Repeat the records below exactly from the line containing "Hinkley Ana Extra" to the line containing "Brunello Cucinelli Grain", taking in both of those lines. Drop the pictures.

> **GIVEN INFORMATION**:
+ + + + + + +
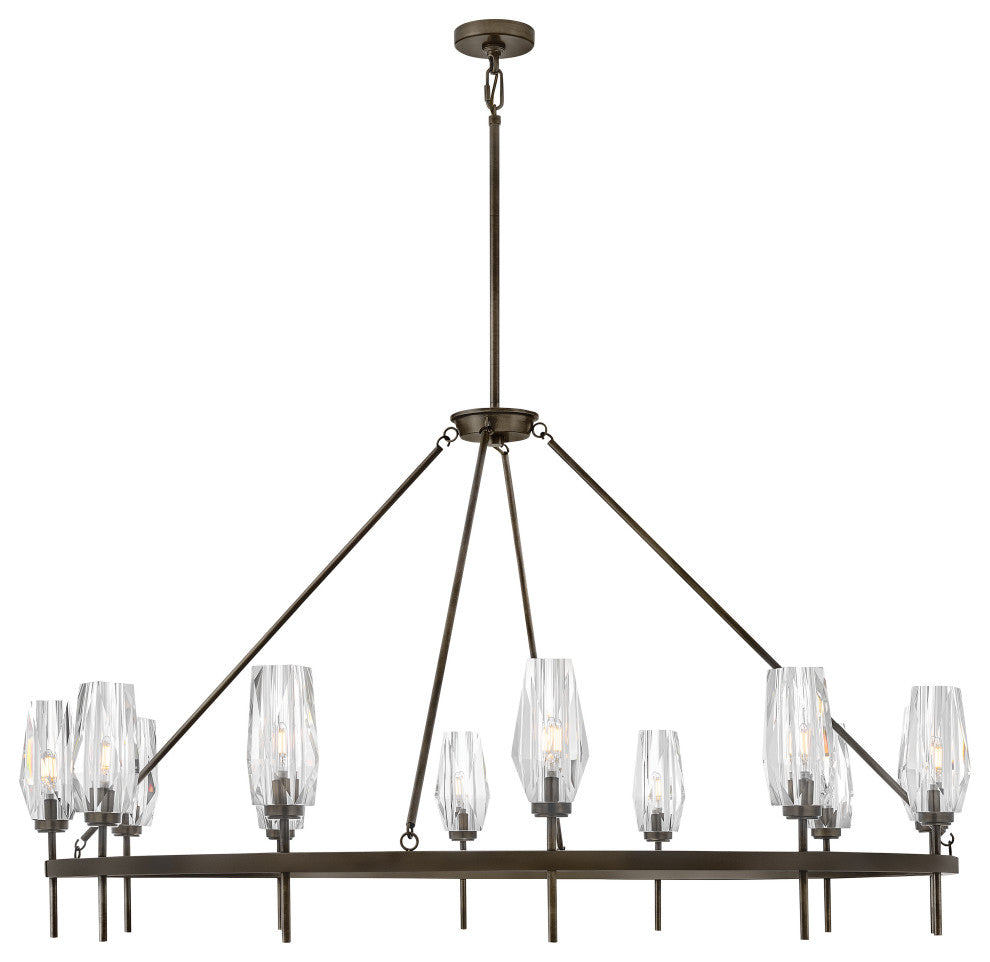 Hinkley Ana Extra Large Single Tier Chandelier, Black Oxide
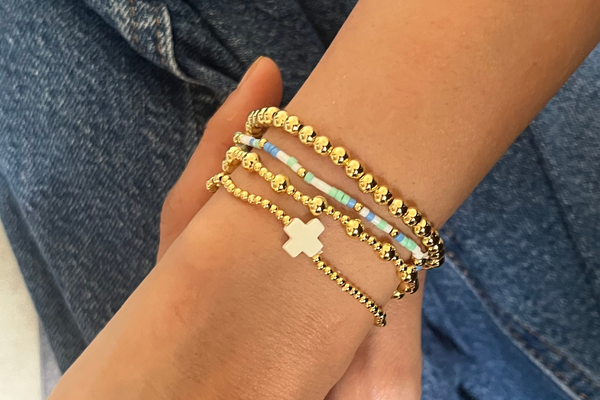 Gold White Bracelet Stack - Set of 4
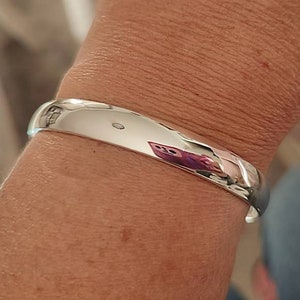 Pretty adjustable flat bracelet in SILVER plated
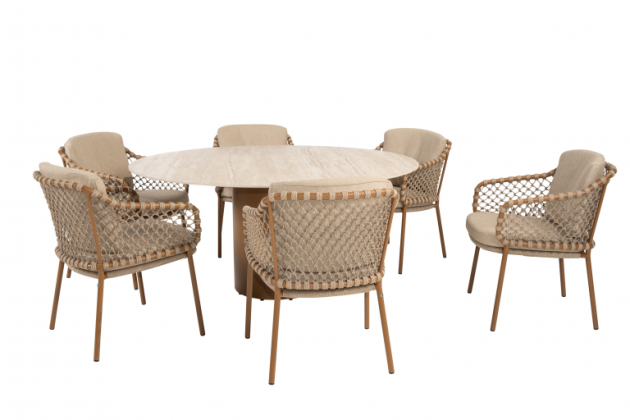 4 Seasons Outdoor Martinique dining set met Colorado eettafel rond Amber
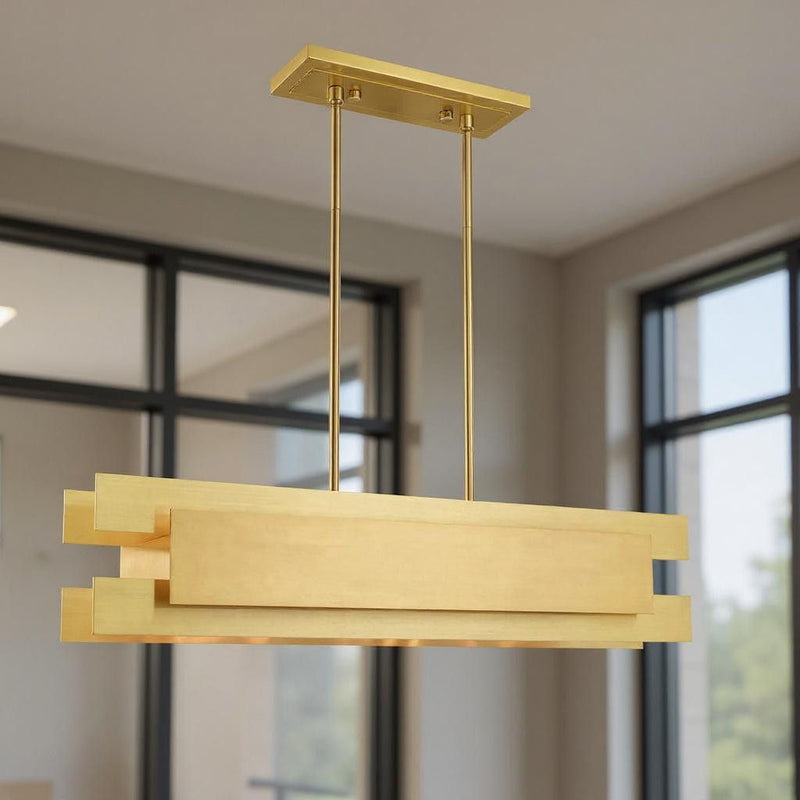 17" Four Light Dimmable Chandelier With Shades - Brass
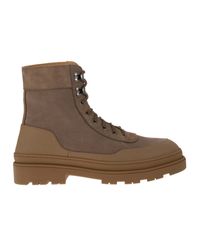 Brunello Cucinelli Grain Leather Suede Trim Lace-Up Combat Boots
+ + + + + + +
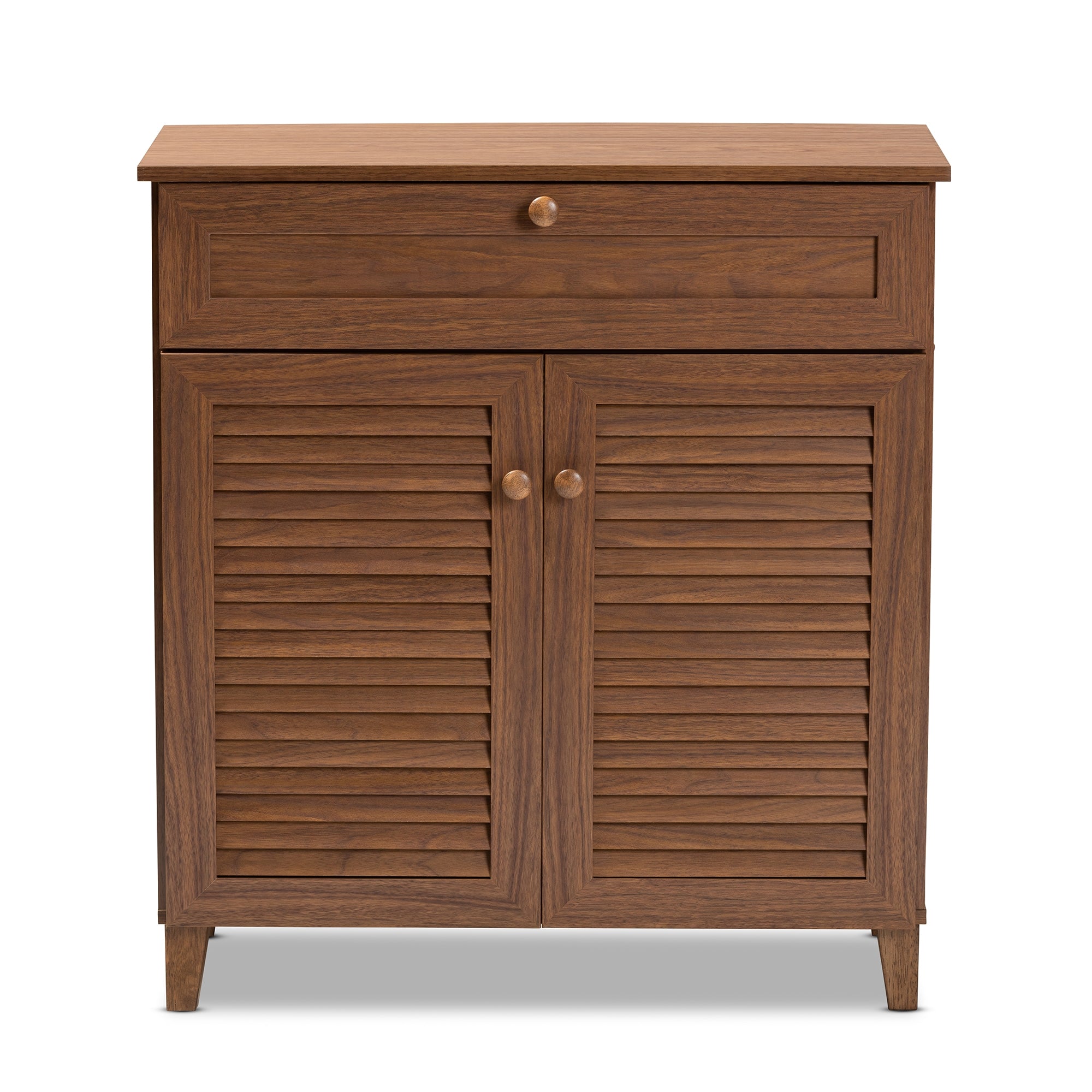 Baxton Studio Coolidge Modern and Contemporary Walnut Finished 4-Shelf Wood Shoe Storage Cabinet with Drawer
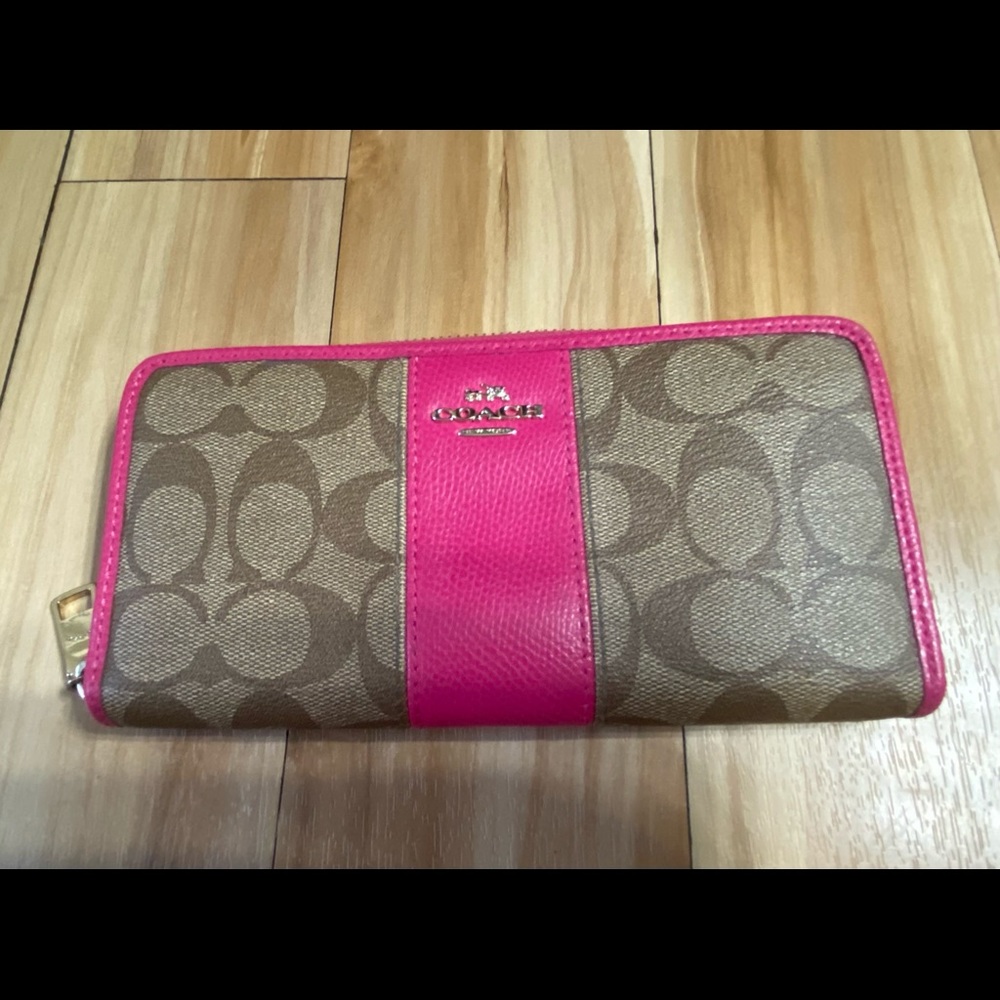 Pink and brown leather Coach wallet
+ + + + + + +
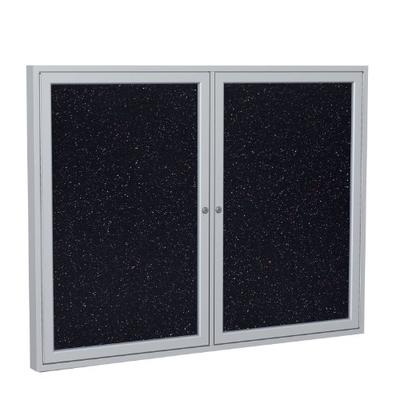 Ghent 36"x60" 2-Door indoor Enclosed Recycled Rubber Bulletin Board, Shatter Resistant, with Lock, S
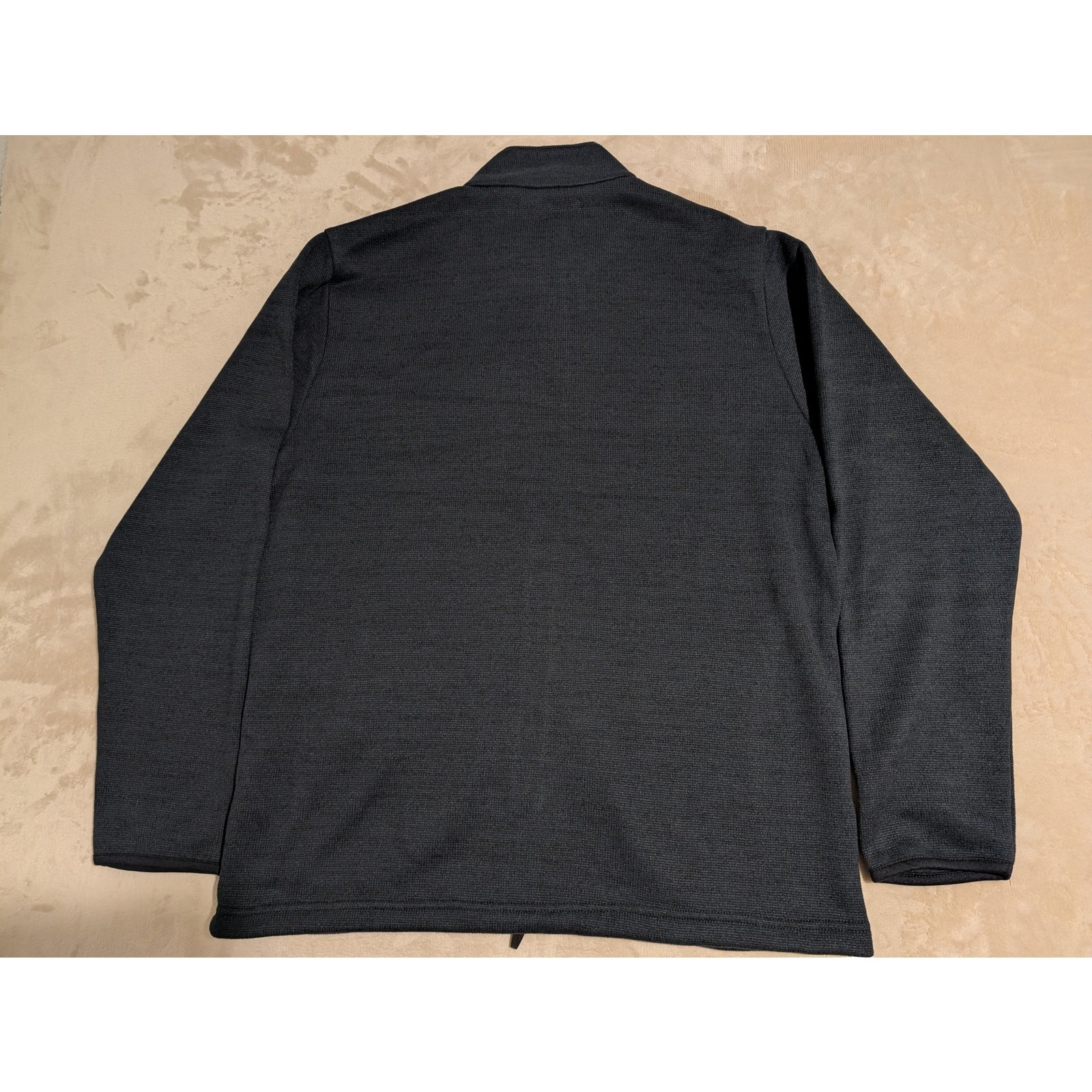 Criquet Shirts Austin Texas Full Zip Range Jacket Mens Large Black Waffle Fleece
+ + + + + + +
> **OUTPUT FOR THIS TASK**:
 Hinkley Ana Extra Large Single Tier Chandelier, Black Oxide
 Gold White Bracelet Stack - Set of 4
 Pretty adjustable flat bracelet in SILVER plated
 4 Seasons Outdoor Martinique dining set met Colorado eettafel rond Amber
 17" Four Light Dimmable Chandelier With Shades - Brass
 Brunello Cucinelli Grain Leather Suede Trim Lace-Up Combat Boots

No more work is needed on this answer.